• [Exercise goal]:
The answer is all of the entries below, repeated exactly and free of pictures.

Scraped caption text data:
*** Begin section ***

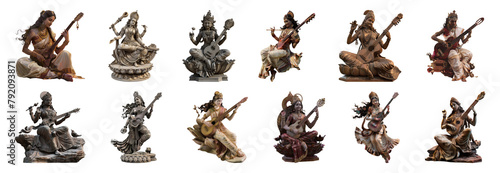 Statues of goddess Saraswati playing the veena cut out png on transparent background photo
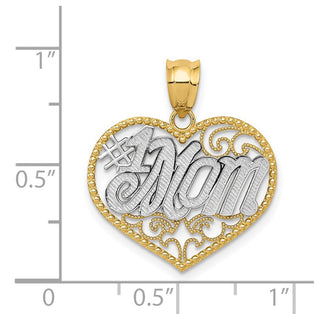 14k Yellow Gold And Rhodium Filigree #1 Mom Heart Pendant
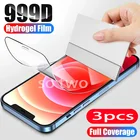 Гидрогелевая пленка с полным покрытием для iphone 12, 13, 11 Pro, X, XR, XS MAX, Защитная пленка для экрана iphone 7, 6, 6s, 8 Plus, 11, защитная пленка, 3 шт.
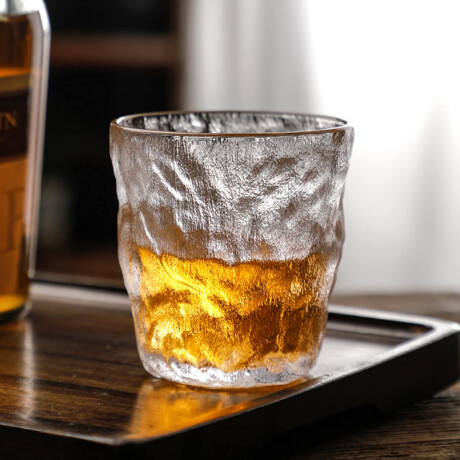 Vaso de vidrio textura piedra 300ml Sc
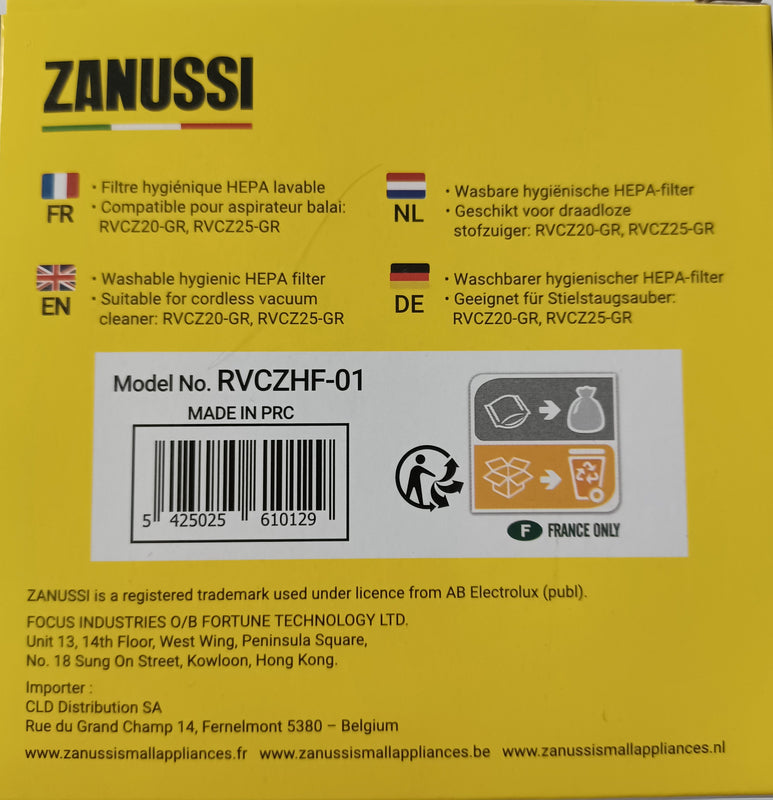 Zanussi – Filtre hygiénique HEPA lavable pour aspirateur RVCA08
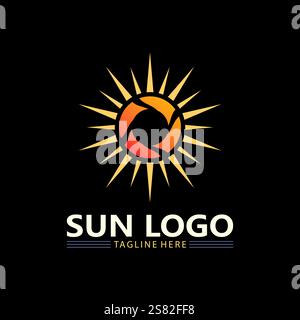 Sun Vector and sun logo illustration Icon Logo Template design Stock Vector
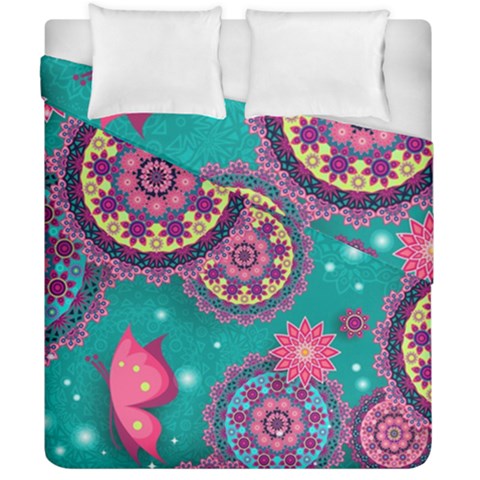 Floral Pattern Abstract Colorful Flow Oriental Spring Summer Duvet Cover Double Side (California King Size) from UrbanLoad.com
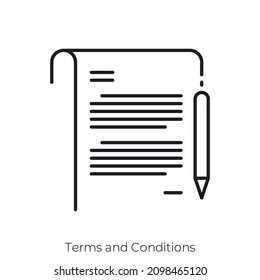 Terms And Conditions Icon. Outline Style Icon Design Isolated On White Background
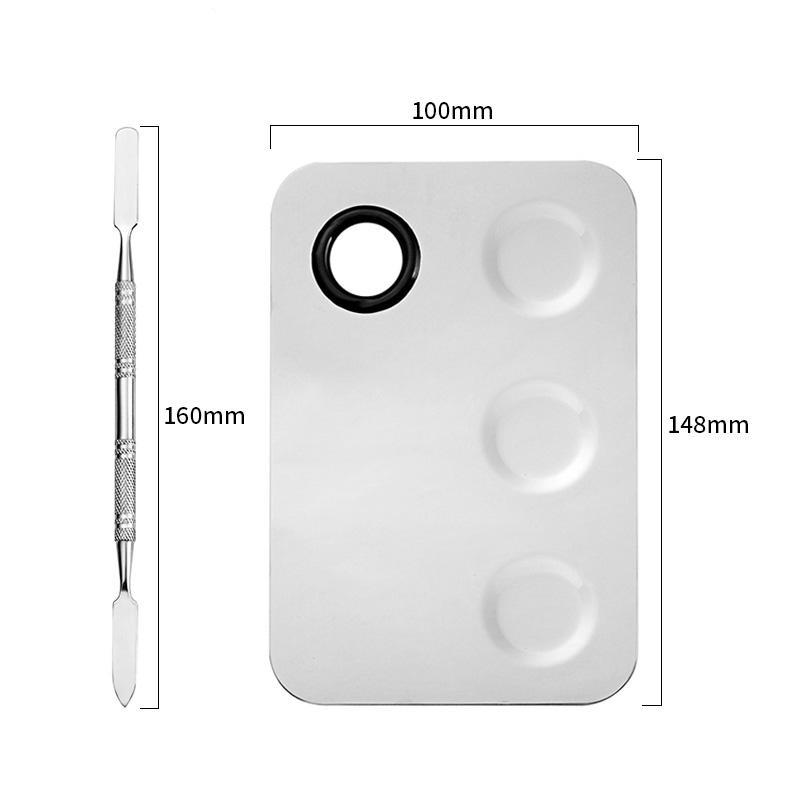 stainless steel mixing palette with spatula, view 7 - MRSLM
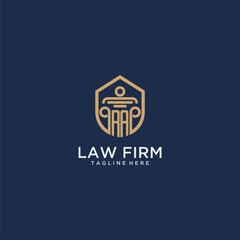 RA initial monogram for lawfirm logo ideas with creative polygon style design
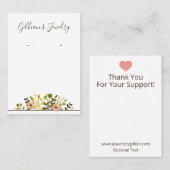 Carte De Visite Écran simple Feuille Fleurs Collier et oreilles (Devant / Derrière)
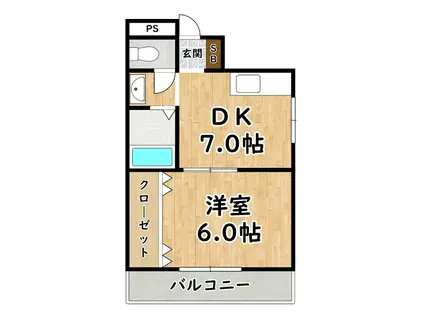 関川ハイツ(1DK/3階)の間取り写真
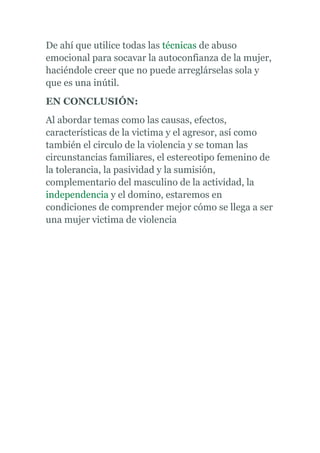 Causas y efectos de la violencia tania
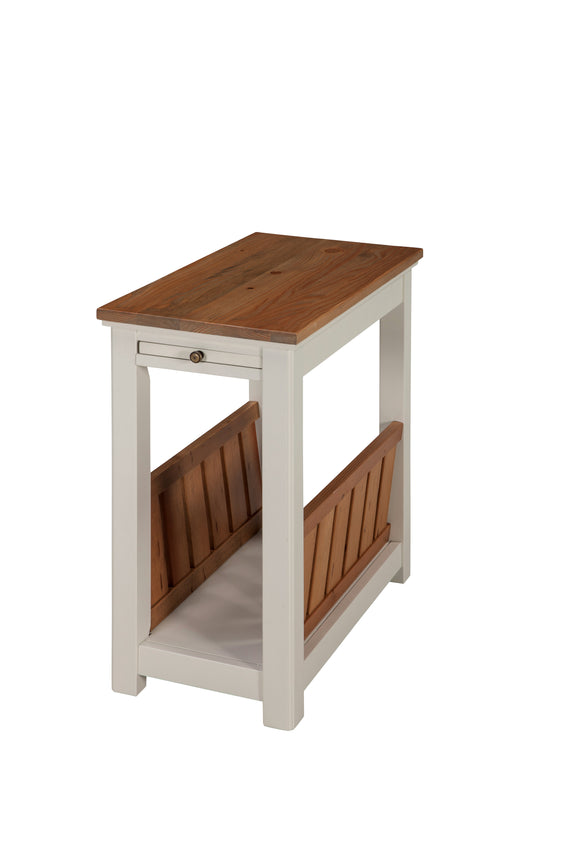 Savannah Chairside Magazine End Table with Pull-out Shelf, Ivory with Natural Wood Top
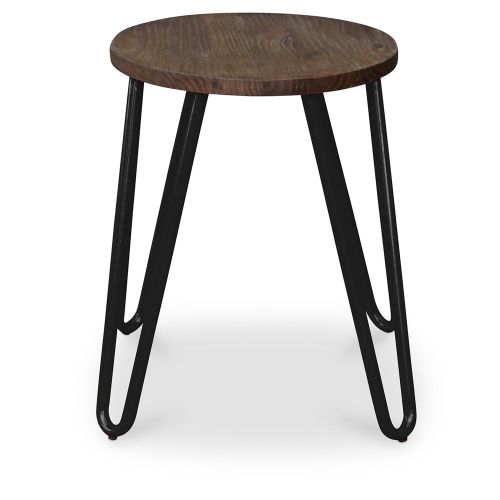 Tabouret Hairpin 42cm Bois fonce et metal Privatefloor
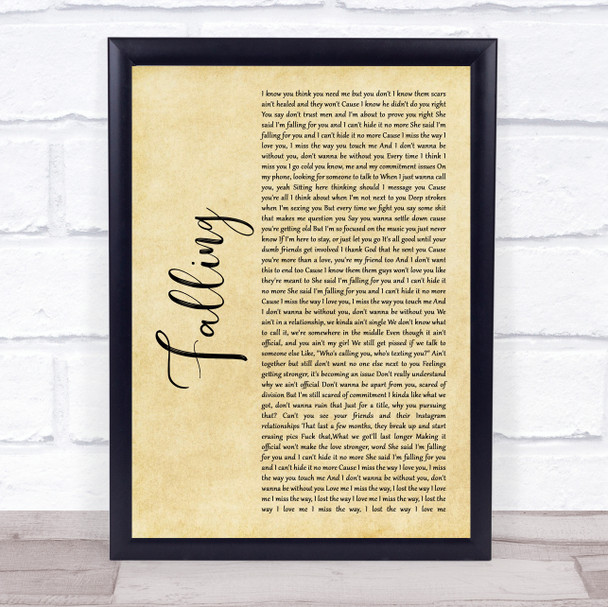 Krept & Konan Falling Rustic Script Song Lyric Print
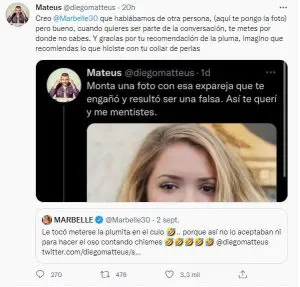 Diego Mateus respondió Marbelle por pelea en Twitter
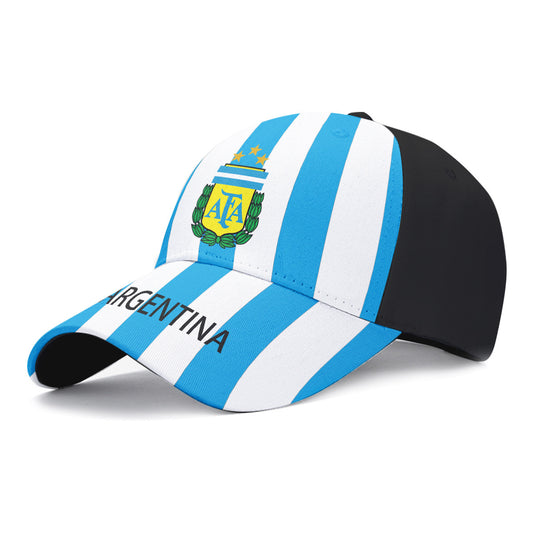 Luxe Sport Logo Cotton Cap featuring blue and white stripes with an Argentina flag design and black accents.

*** End section ***

• [Answer box]:
 Statues of goddess Saraswati playing the veena cut out png on transparent background photo
 14k Yellow Gold And Rhodium Filigree #1 Mom Heart Pendant
 Гидрогелевая пленка с полным покрытием для iphone 12, 13, 11 Pro, X, XR, XS MAX, Защитная пленка для экрана iphone 7, 6, 6s, 8 Plus, 11, защитная пленка, 3 шт.
 Vaso de vidrio textura piedra 300ml Sc
 Zanussi – Filtre hygiénique HEPA lavable pour aspirateur RVCA08
 Sun Vector and sun logo illustration Icon Logo Template design Stock Vector
 Floral Pattern Abstract Colorful Flow Oriental Spring Summer Duvet Cover Double Side (California King Size) from UrbanLoad.com
 Terms And Conditions Icon. Outline Style Icon Design Isolated On White Background
 stainless steel mixing palette with spatula, view 7 - MRSLM
 RA initial monogram for lawfirm logo ideas with creative polygon style design
 Carte De Visite Écran simple Feuille Fleurs Collier et oreilles (Devant / Derrière)
 関川ハイツ(1DK/3階)の間取り写真
 Causas y efectos de la violencia tania
 Savannah Chairside Magazine End Table with Pull-out Shelf, Ivory with Natural Wood Top
 Tabouret Hairpin 42cm Bois fonce et metal Privatefloor
 Krept & Konan Falling Rustic Script Song Lyric Print
 Diego Mateus respondió Marbelle por pelea en Twitter
 Luxe Sport Logo Cotton Cap featuring blue and white stripes with an Argentina flag design and black accents.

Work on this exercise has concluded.